### Exercise description
The lines below, from the one holding "Cross section of" through the one holding "جراحی-بینی-بندر-عباس-2-35", are to be restated word for word, with all images left out.
====== Provided information
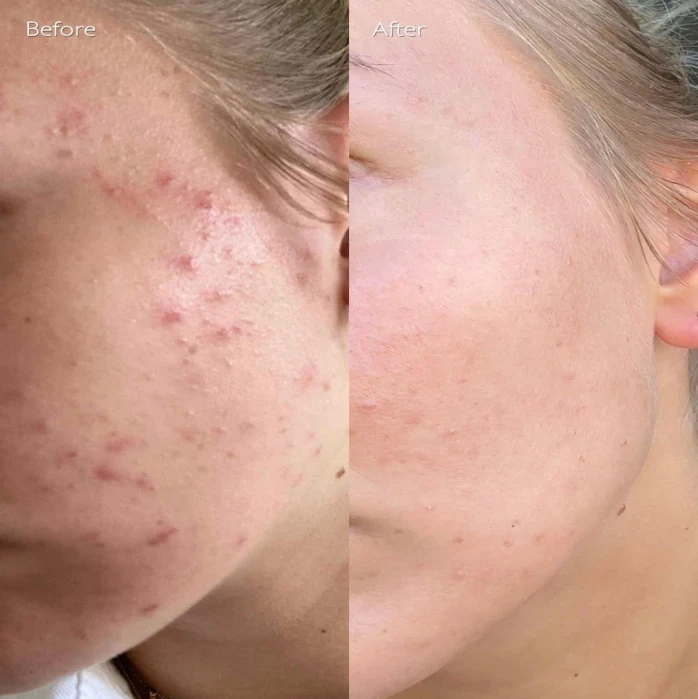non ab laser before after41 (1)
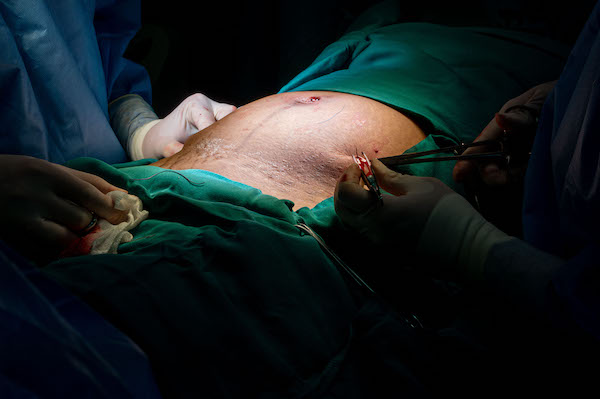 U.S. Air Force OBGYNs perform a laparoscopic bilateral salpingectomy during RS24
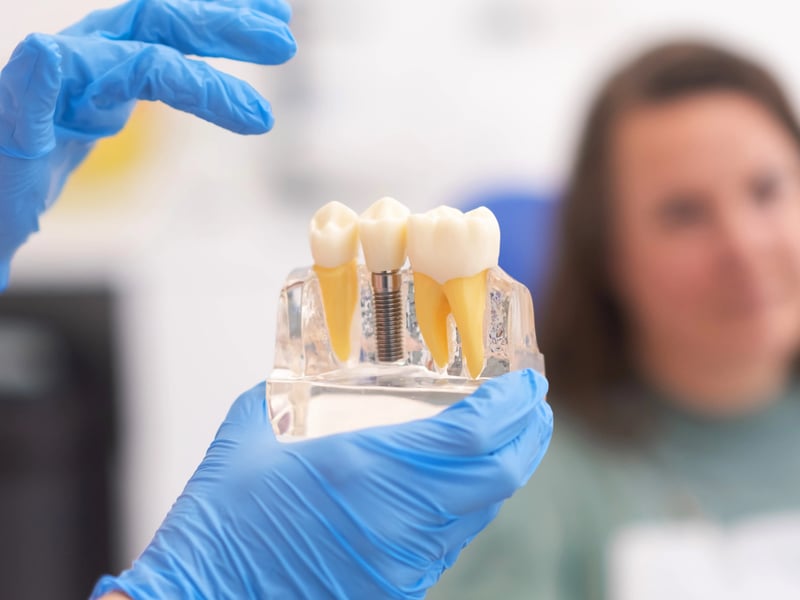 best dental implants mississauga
============
====== Provided information
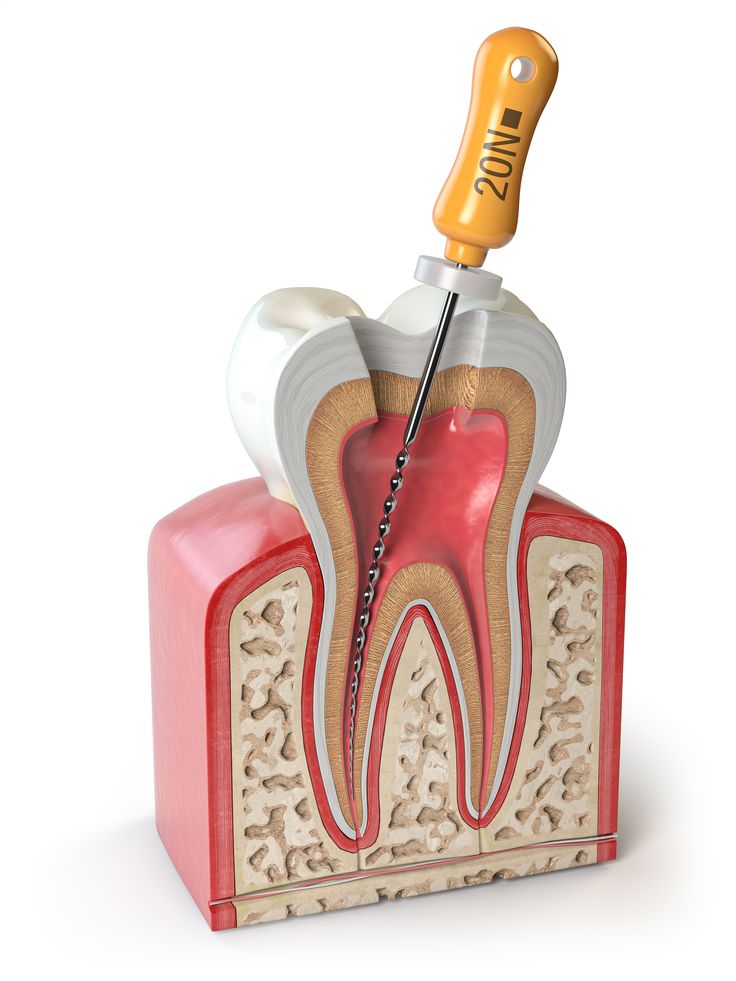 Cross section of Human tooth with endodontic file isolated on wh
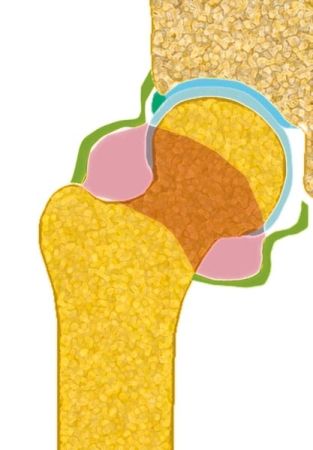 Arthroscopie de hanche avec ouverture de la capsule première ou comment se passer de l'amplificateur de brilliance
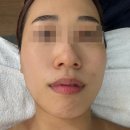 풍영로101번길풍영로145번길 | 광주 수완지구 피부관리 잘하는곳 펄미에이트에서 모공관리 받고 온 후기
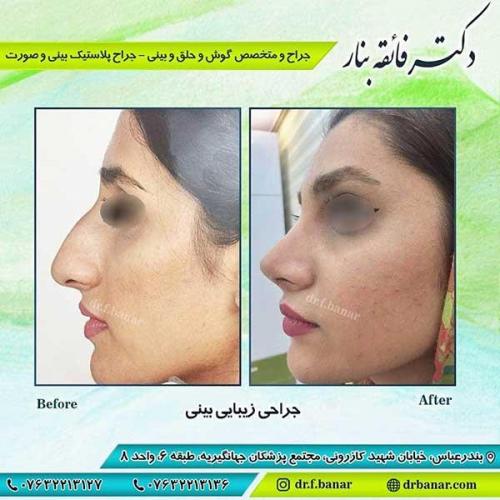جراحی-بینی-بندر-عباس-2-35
============
### Finished task
 Cross section of Human tooth with endodontic file isolated on wh
 Arthroscopie de hanche avec ouverture de la capsule première ou comment se passer de l'amplificateur de brilliance
 풍영로101번길풍영로145번길 | 광주 수완지구 피부관리 잘하는곳 펄미에이트에서 모공관리 받고 온 후기
جراحی-بینی-بندر-عباس-2-35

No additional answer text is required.